Here's a shocker: America can cut government spending by eliminating tax breaks.

I know that sounds crazy. Everyone usually talks as if spending and tax breaks are distinct. Spending is what the government gives out or uses for purchases; tax breaks reduce how much revenue it collects.

Reality, however, is a lot blurrier. Hundreds of billions of dollars of spending are disguised as tax cuts.

It's not hard to see why. Voters like tax cuts more than spending increases. Politicians understand that, so they convert spending into tax breaks.

The ethanol tax credit is a perfect example. Fuel producers qualify for a 45-cent tax credit for each gallon of ethanol they blend into gasoline. Blenders calculate their income taxes like other businesses, then deduct the value of the credit before they send their check to the Internal Revenue Service (IRS).

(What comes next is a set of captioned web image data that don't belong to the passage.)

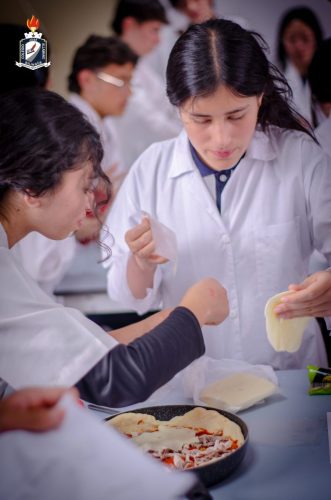 Experimento de Quimica Pizza-35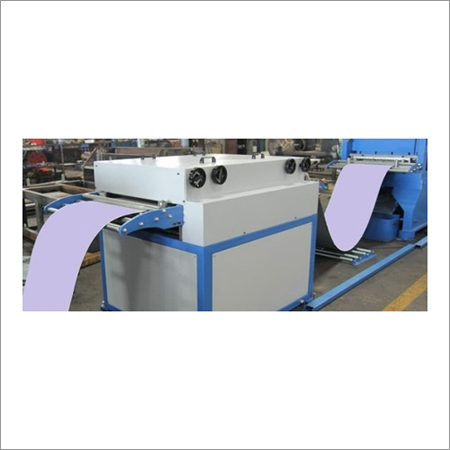 Straightener Construction Machine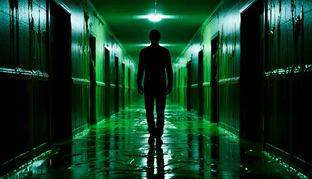 ДЕСЯТЬ ЭТАЖЕЙ СТРАХА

The ethanol subsidy thus looks like a tax cut, but it's really government spending in disguise. The Department of Energy could accomplish the same thing by sending out subsidy checks. The same is true for dozens of other tax provisions, such as the business credit for research and development and personal tax breaks for mortgage interest, health insurance, and charitable giving.

Politicians act as if those provisions are tax cuts. That seems plausible. Businesses and families send less money to the IRS because of them.

But think about it. These tax breaks don't let you keep your money. They pay you for doing what government wants, whether that's taking out a mortgage, giving to charity, or investing in R&D. What you pay the IRS equals the taxes you owe minus the payments for which you've qualified. Those payments are no different from spending; they just happen to be netted against your tax bill.

That doesn't mean all tax preferences are bad policy. Some support important goals, and the tax system is sometimes the best way to administer a program. The income tax, for example, provides a natural structure for benefits like the earned income tax credit that should vary with income.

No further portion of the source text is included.